• _What is required_: Where the line containing "Mercedes-Benz E-Class Saloon, Diesel, 2015, Black" appears below, begin there and reproduce each line exactly through the last one, omitting pictures.

• _Material provided_:
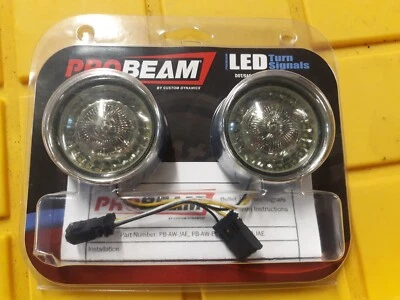 Custom Dynamics Probeam Led Turn Signals Cvo Pb-aw-jae - Image 1 of 2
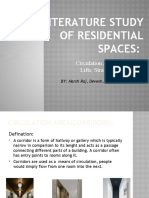Residential Circulation Study: Corridors, Lifts, Stairs & Terraces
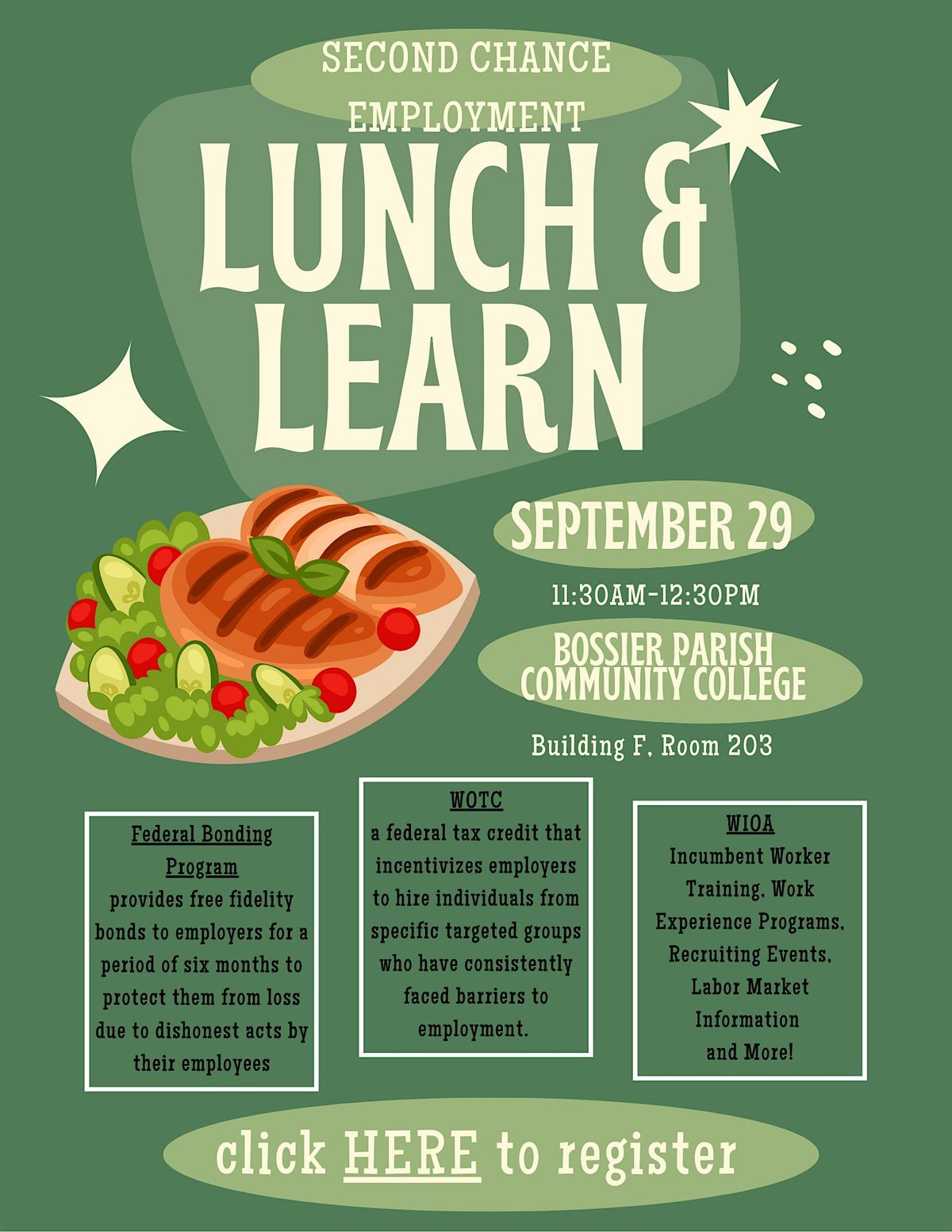 Employer Lunch & Learn, 16 October | Event in Bossier City | AllEvents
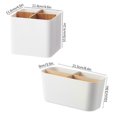 thumbnail image 5 of Organiser For Home Desk Large Capacity Small Items Storage Box for Office Desk, 5 of 5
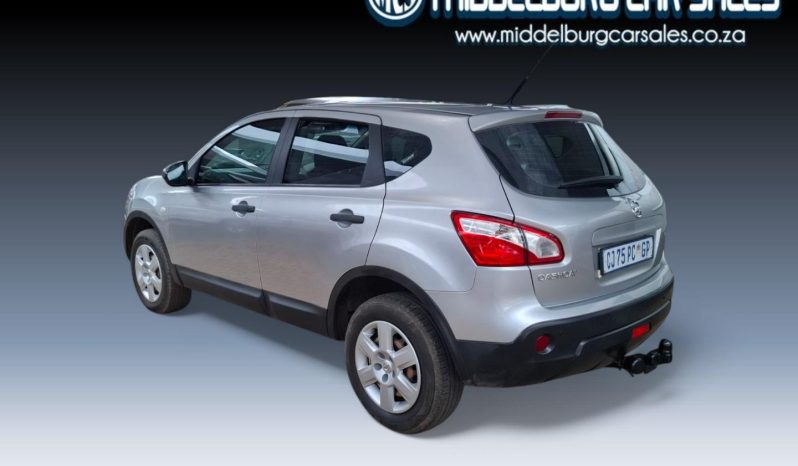 2013 Nissan Qashqai 1.6 Acenta full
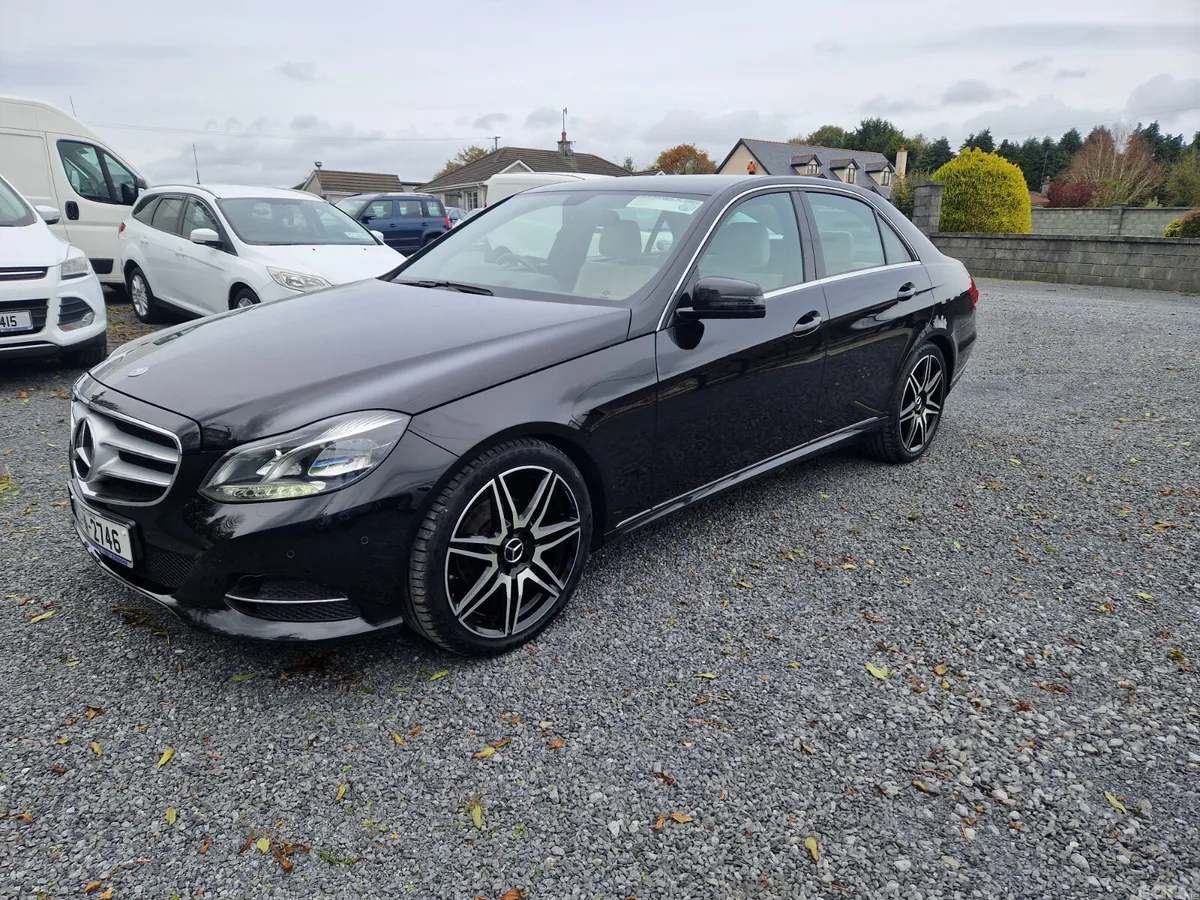 Mercedes-Benz E-Class Saloon, Diesel, 2015, Black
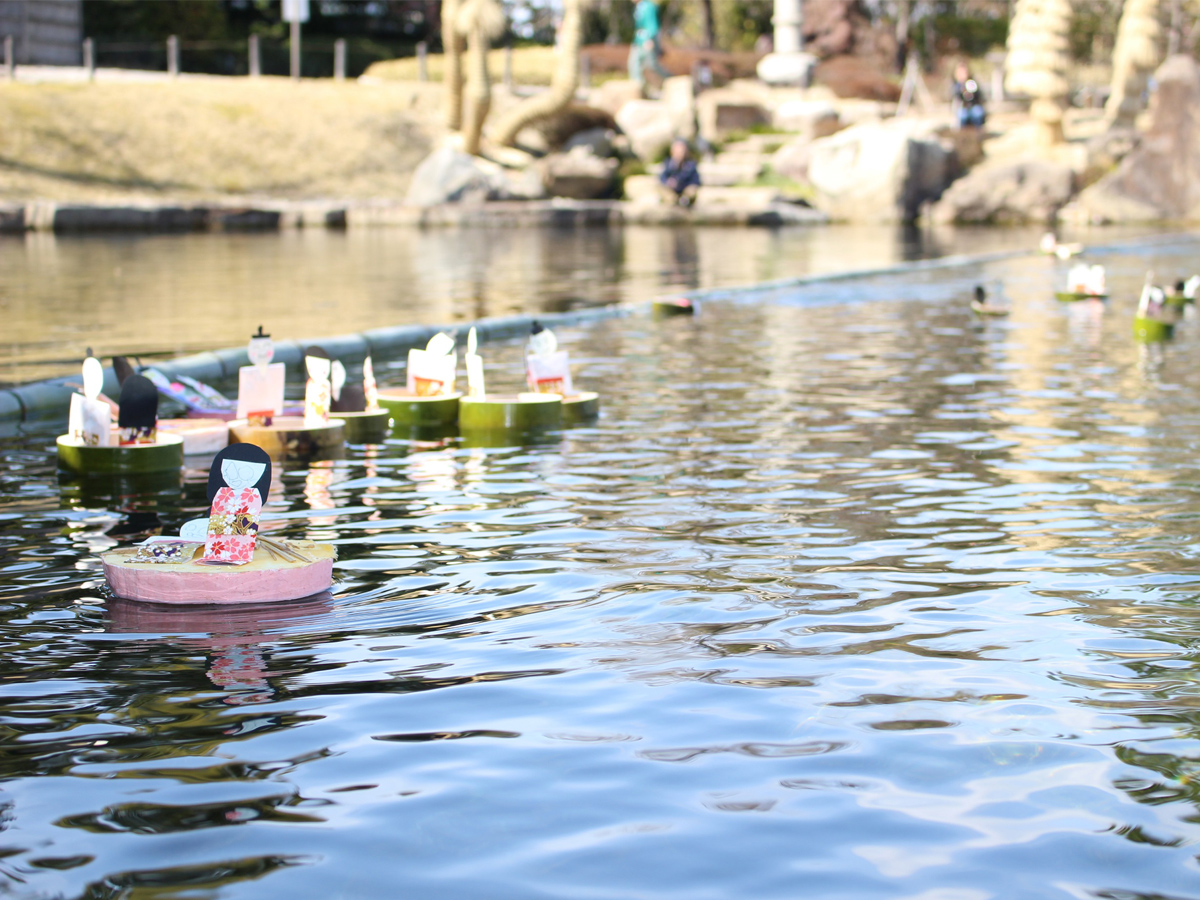 德川園　早春活動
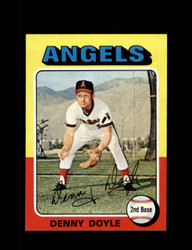 1975 DENNY DOYLE TOPPS #187 ANGELS *6959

• _Answer area_:
 Mercedes-Benz E-Class Saloon, Diesel, 2015, Black
 德川園　早春活動
 1975 DENNY DOYLE TOPPS #187 ANGELS *6959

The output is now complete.